The process of Kṛṣṇa consciousness should be very vigorously propagated all over the world. Simply by seeing the Deity or simply by joining in chanting of the Hare Kṛṣṇa mantra, people will derive tremendous benefit. If one performs kīrtana, chanting, one will be able to think of Kṛṣṇa. One may think, "I danced for two hours and chanted Hare Kṛṣṇa. What is the meaning of this?" This is smaraṇa, thinking of Kṛṣṇa. One may even think, "I foolishly chanted 'Kṛṣṇa, Kṛṣṇa' for two hours." But that also is smaraṇa. Because the Kṛṣṇa consciousness movement is spreading, people are purchasing our books about Kṛṣṇa. Because they are curious they say, "What is this Kṛṣṇa? Let us see the book." Then they immediately see a picture of Rādhā and Kṛṣṇa, and if they open the book they will see more. In the book there are many prayers glorifying Kṛṣṇa. So some will hear about Kṛṣṇa, and others will read, and if they are fortunate enough they will become Kṛṣṇa conscious and engage in the worship of the Deity. These methods of devotional service — hearing, chanting, remembering Kṛṣṇa, and so on — are so perfect that as soon as one takes to them (either all of them, some of them, or even one of them) one becomes purified. Therefore Śukadeva Gosvāmī prays, "I offer my worship to the Supreme Personality of Godhead, for simply by remembering Him, simply by glorifying Him, or simply by seeing Him, so many benefits follow."
Śukadeva Gosvāmī is one of twelve important spiritual authorities, and these are the authorities we must follow (mahājano yena gataḥ sa panthāḥ). He affirms that by performing these methods of devotional service one will be cleansed of material contamination. When? Sadyaḥ: immediately, without waiting. This is the great benefit of the Kṛṣṇa consciousness movement.

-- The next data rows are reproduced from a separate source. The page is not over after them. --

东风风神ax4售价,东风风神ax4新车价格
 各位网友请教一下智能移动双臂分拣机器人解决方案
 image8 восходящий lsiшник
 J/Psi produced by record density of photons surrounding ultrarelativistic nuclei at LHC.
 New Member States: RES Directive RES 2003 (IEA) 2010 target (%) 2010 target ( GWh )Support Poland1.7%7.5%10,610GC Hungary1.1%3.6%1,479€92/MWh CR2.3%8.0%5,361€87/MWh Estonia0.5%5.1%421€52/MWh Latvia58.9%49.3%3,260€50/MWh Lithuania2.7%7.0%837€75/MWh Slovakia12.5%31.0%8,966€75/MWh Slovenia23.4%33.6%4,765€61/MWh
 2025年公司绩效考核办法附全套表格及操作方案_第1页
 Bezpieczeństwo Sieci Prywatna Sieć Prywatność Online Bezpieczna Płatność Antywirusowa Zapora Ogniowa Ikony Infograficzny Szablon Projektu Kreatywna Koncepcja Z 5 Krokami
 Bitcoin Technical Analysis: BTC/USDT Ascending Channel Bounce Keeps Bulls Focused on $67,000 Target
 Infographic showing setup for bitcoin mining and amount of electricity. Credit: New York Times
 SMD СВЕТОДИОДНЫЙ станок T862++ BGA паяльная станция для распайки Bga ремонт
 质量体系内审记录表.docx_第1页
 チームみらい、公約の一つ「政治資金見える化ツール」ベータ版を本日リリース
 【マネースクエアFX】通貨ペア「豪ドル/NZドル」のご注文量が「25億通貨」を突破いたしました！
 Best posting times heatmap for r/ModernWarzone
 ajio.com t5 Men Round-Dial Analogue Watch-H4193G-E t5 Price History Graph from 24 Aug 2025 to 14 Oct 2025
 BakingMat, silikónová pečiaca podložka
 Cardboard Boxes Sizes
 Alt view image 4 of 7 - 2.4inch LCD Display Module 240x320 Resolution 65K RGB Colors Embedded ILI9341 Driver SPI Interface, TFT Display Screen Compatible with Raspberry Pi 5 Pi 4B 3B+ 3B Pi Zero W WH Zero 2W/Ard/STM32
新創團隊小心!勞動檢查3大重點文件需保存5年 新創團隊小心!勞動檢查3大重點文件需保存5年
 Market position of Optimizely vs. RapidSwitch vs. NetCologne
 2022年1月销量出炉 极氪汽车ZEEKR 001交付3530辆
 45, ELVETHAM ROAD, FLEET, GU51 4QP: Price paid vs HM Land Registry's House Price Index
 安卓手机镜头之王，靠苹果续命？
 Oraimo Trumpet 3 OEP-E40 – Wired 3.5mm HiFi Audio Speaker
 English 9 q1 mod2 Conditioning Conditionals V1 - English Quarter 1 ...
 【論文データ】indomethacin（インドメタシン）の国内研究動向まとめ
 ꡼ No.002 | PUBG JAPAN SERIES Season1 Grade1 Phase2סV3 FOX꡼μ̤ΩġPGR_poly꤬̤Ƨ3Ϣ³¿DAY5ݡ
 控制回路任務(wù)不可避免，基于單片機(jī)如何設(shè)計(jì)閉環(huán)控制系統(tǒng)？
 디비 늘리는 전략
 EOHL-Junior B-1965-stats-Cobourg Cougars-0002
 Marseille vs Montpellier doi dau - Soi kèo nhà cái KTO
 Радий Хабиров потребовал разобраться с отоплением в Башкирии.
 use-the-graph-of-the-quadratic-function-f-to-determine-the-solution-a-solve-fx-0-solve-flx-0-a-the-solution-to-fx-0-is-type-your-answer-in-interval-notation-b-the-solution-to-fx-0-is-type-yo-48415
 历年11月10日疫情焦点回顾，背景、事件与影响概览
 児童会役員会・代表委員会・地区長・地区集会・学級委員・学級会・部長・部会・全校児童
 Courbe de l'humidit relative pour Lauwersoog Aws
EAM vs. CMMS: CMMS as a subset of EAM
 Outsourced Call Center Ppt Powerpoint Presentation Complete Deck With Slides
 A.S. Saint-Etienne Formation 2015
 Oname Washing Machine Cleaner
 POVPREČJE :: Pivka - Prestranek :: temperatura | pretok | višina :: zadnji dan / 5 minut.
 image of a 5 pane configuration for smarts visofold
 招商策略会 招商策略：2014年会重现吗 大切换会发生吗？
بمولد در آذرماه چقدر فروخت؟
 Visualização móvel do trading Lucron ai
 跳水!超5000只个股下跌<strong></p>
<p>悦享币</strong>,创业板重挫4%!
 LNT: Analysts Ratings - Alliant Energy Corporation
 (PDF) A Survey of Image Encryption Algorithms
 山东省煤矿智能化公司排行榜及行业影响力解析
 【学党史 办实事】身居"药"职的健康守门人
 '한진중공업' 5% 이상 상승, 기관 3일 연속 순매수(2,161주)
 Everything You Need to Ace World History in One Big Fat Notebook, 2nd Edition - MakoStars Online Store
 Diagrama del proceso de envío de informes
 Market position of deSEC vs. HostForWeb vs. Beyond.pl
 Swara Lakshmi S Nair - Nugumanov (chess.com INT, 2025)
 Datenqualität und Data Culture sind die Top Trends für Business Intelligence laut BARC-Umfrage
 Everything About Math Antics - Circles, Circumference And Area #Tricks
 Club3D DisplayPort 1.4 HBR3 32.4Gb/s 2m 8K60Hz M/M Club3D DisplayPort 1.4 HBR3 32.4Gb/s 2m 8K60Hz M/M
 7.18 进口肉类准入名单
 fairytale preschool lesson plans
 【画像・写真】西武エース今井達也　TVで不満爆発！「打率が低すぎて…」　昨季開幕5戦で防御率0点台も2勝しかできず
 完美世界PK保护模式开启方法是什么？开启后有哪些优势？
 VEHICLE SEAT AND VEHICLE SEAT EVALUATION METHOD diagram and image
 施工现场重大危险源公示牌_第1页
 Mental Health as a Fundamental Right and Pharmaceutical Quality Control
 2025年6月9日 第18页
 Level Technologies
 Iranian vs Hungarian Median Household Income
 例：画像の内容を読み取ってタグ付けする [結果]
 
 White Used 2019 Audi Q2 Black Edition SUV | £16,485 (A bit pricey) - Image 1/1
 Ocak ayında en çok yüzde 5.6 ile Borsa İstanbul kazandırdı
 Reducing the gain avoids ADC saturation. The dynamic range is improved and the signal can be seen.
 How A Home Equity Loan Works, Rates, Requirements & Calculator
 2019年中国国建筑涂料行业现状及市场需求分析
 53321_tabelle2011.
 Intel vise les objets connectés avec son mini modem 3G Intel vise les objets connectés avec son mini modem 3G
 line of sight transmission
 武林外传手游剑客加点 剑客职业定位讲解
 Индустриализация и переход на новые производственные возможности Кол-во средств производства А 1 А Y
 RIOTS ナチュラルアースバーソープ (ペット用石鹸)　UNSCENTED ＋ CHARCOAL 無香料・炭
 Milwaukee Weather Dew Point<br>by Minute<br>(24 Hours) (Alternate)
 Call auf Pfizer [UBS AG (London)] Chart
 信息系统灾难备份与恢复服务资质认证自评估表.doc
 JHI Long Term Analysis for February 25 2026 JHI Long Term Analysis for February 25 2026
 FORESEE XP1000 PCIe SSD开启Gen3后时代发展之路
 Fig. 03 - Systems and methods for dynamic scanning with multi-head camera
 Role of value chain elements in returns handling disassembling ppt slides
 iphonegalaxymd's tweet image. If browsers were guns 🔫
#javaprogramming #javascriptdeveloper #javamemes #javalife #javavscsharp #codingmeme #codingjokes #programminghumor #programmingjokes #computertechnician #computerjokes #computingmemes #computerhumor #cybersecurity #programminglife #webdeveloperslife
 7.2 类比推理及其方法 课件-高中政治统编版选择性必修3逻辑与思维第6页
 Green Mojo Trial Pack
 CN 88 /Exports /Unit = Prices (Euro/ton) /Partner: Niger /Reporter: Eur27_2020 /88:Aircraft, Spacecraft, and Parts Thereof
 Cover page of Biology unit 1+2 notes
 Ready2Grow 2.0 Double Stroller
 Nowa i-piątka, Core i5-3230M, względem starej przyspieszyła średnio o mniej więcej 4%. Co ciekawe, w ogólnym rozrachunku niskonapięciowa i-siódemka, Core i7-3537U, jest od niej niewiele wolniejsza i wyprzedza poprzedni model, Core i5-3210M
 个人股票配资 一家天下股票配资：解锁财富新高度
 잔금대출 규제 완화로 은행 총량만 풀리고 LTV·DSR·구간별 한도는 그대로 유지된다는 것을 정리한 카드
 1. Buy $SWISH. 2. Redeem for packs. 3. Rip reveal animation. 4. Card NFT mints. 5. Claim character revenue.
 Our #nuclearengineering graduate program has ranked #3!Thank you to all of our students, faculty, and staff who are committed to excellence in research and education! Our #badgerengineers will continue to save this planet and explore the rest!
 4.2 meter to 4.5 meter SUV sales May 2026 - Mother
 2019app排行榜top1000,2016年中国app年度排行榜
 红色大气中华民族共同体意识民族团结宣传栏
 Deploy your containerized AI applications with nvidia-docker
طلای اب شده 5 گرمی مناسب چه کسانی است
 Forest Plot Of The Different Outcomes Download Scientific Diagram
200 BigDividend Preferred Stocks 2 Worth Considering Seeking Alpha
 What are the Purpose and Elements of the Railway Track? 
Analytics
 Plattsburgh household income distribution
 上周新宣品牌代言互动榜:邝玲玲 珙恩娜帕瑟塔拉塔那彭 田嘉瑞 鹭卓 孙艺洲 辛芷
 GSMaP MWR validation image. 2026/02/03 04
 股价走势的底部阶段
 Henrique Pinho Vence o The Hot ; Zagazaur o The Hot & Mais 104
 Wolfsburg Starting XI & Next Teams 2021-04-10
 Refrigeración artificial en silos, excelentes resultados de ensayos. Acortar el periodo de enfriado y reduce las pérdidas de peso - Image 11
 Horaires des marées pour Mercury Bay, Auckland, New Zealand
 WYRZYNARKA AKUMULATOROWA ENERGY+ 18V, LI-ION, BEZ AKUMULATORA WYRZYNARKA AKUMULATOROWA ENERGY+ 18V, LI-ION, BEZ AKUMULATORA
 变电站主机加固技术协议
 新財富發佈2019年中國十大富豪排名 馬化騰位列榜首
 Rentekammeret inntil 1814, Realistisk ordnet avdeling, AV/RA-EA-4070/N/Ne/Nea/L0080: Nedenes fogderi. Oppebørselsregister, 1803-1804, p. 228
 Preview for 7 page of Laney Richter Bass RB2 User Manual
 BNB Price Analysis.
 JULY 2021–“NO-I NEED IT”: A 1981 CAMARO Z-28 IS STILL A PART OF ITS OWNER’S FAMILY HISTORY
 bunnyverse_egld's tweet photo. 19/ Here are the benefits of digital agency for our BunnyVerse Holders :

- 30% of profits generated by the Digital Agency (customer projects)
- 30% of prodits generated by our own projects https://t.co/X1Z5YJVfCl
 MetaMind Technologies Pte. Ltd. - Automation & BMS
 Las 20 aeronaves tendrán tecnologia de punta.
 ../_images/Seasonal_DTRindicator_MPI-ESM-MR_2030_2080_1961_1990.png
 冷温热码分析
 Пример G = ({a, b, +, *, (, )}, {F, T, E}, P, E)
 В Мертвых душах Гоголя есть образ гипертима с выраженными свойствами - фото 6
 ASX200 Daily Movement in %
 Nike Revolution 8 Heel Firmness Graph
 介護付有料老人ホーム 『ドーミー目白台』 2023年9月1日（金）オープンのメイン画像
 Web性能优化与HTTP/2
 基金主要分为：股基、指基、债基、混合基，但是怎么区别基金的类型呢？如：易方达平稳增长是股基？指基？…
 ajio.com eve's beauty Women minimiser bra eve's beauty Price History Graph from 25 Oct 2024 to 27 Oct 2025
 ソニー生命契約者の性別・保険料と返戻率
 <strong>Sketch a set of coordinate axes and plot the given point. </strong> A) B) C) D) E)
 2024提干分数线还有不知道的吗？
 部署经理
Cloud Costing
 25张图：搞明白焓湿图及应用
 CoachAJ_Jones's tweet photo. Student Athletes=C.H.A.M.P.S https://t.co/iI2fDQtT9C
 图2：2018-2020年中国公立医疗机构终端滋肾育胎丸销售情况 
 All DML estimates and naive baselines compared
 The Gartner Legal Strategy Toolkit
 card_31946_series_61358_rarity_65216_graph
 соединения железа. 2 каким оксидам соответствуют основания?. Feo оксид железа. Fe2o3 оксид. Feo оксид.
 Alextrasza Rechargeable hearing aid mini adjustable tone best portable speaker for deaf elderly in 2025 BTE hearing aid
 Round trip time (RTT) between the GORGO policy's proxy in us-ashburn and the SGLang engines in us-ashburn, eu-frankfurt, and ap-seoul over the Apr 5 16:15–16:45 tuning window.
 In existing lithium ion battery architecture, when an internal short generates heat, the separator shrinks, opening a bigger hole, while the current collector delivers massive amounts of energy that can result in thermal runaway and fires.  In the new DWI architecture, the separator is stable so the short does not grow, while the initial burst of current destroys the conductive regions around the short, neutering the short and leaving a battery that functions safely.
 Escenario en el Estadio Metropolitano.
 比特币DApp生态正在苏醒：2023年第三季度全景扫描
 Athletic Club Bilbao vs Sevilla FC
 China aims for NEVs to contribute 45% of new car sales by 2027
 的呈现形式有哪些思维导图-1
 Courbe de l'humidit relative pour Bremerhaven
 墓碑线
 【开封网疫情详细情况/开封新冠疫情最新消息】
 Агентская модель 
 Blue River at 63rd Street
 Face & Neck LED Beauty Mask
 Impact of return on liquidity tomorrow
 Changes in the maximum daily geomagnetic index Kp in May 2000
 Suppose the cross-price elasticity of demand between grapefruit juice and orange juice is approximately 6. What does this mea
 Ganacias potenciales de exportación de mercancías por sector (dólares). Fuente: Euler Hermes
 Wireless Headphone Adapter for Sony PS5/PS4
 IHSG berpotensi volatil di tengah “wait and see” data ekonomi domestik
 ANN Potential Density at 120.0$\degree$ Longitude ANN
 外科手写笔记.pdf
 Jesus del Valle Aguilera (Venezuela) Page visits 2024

Chapter 19: Crossing Beyond Illusion's Currents


The Supreme Lord, Śrī Kṛṣṇa, cannot be seen by our present conditional vision. In order to see Him, one has to change his present vision by developing a different condition of life, full of spontaneous love of Godhead. When Śrī Kṛṣṇa was personally present on the face of the globe, not everyone could see Him as the Supreme Personality of Godhead. Materialists like Rāvaṇa, Hiraṇyakaśipu, Kaḿsa, Jarāsandha, and Śiśupāla were highly qualified personalities by acquisition of material assets, but they were unable to appreciate the presence of the Lord. Therefore, even though the Lord may be present before our eyes, it is not possible to see Him unless we have the necessary vision. This necessary qualification is developed by the process of devotional service only, beginning with hearing about the Lord from the right sources. The Bhagavad-gītā is one of the popular literatures which are generally heard, chanted, repeated, etc., by the people in general, but in spite of such hearing, etc., sometimes it is experienced that the performer of such devotional service does not see the Lord face to face. The reason is that the first item, śravaṇa, is very important. If hearing is from the right sources, it acts very quickly. Generally people hear from unauthorized persons. Such unauthorized persons may be very learned by academic qualifications, but because they do not follow the principles of devotional service, hearing from them becomes a sheer waste of time. Sometimes the texts are interpreted fashionably to suit their own purposes. Therefore, first one should select a competent and bona fide speaker and then hear from him. When the hearing process is perfect and complete, the other processes become automatically perfect in their own way.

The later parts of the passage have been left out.